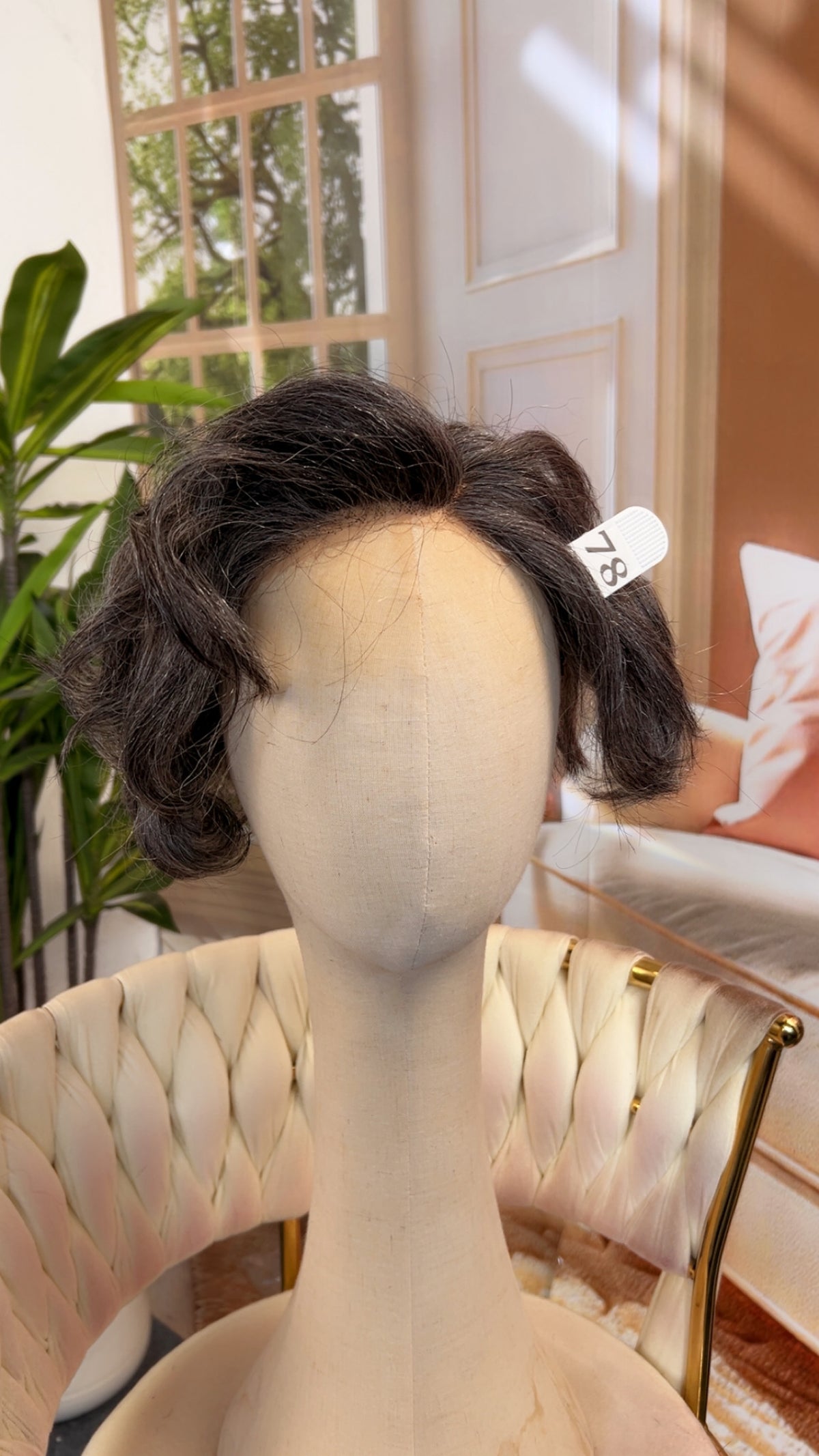 Luvme Hair live outlet wig displayed on a mannequin head, showcasing its style, texture, and natural hair color.
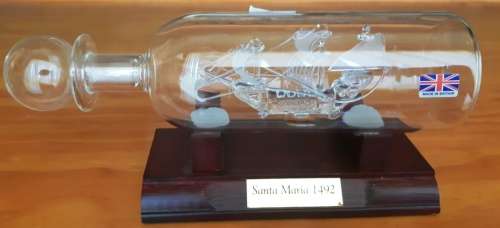 Santa Maria 1492 May Flower glass model ship in bottle on wooden stand-Made in Britain-good cond.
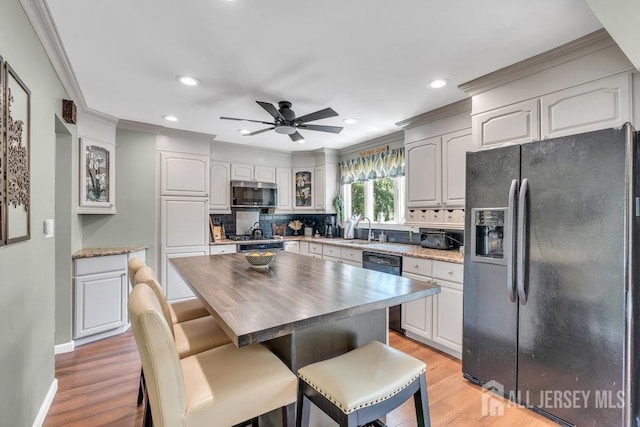 kitchen featuring a sink, black appliances, ornamental molding, and glass insert cabinets
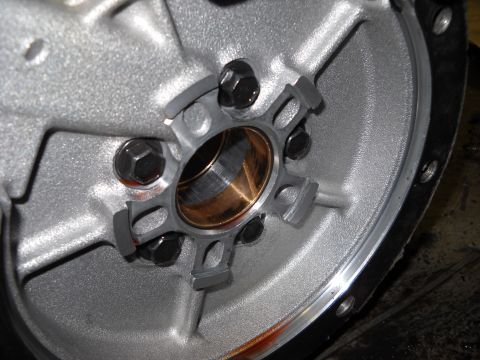 1993 Ford C-150 (Centurion Conversions) - Transmission torque converter housing with a bronze bushing and six bolts visible.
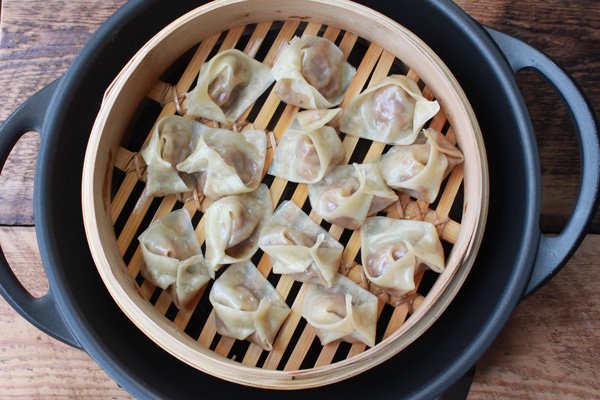 wontons in a steamer basket on top of a wok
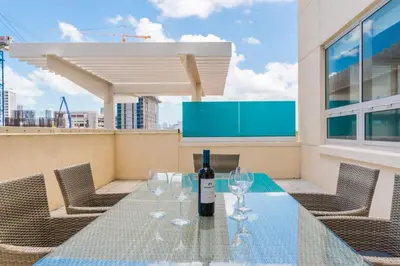 a bottle of wine on a glass table on a rooftop at 4 BDR Sweeping Bayfront Elegance in Miami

ABOUT THIS TASK -
Retype each entry precisely. Skip images entirely.

WRITTEN ANSWER -
 Luvme Hair live outlet wig displayed on a mannequin head, showcasing its style, texture, and natural hair color.
 Santa Maria 1492 May Flower glass model ship in bottle on wooden stand-Made in Britain-good cond.
 kitchen featuring a sink, black appliances, ornamental molding, and glass insert cabinets
 1993 Ford C-150 (Centurion Conversions) - Transmission torque converter housing with a bronze bushing and six bolts visible.
 wontons in a steamer basket on top of a wok
 a bottle of wine on a glass table on a rooftop at 4 BDR Sweeping Bayfront Elegance in Miami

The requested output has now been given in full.